*Task description*.
Every line of the material is to be quoted verbatim, minus the pictures.
Start of Data
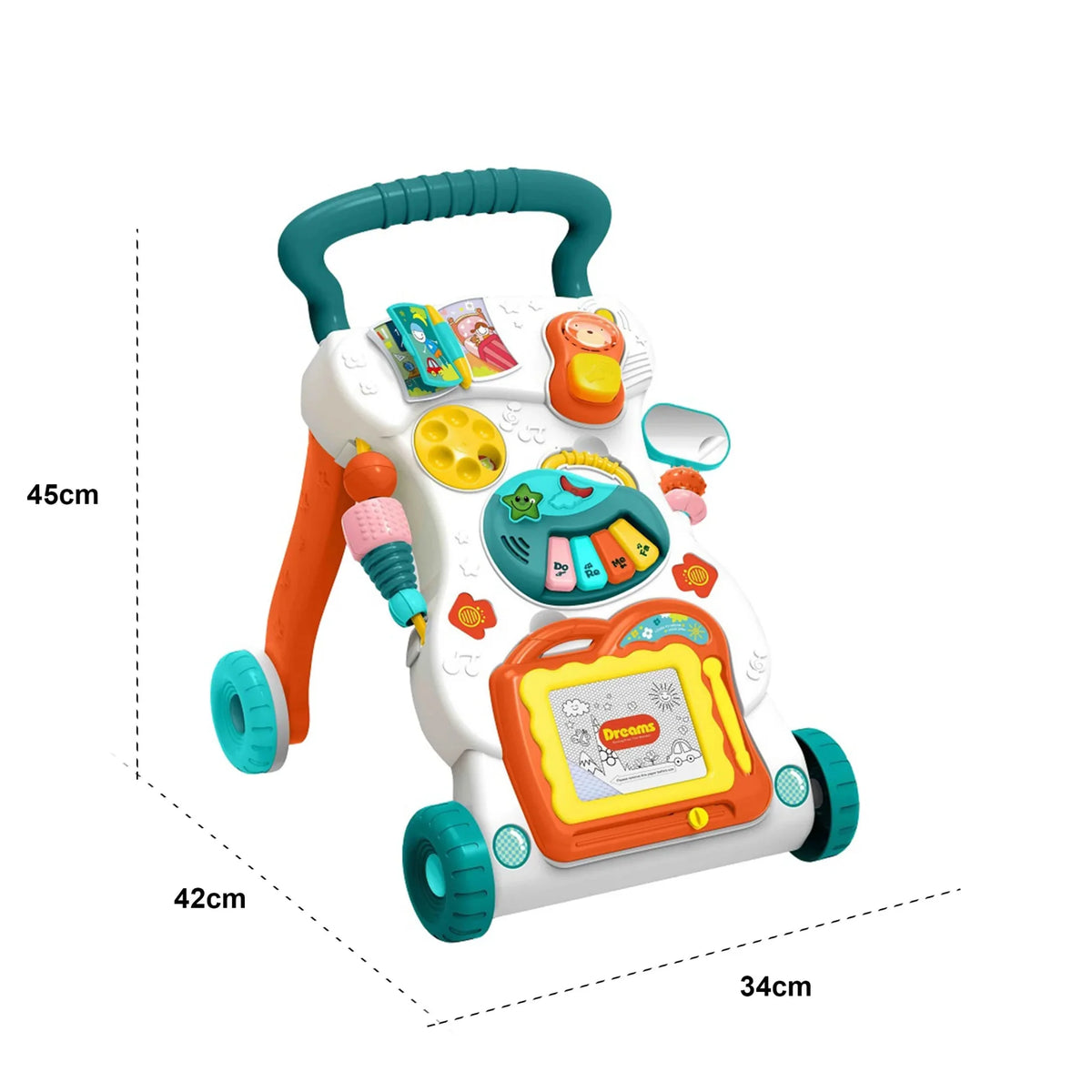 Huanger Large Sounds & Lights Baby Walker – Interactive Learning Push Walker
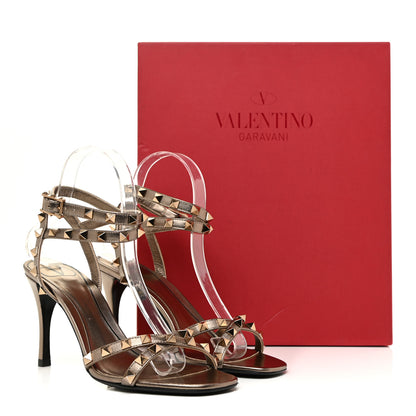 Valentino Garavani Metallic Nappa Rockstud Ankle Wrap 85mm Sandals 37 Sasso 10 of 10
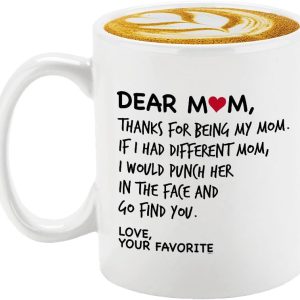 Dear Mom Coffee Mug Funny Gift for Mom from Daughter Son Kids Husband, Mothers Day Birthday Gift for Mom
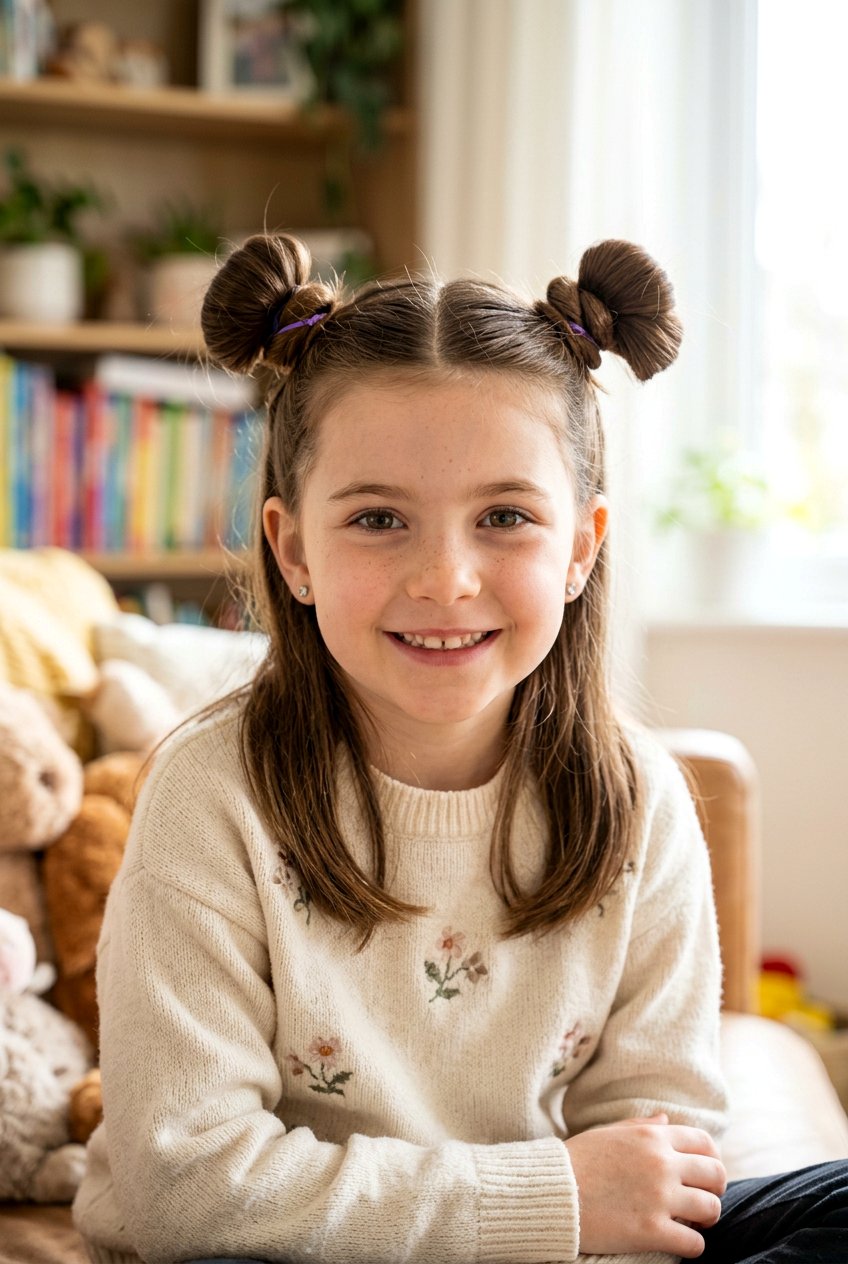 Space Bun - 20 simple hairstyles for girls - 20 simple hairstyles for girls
End of Data
*The completed task*.
 Huanger Large Sounds & Lights Baby Walker – Interactive Learning Push Walker
 Valentino Garavani Metallic Nappa Rockstud Ankle Wrap 85mm Sandals 37 Sasso 10 of 10
 Dear Mom Coffee Mug Funny Gift for Mom from Daughter Son Kids Husband, Mothers Day Birthday Gift for Mom
 Space Bun - 20 simple hairstyles for girls - 20 simple hairstyles for girls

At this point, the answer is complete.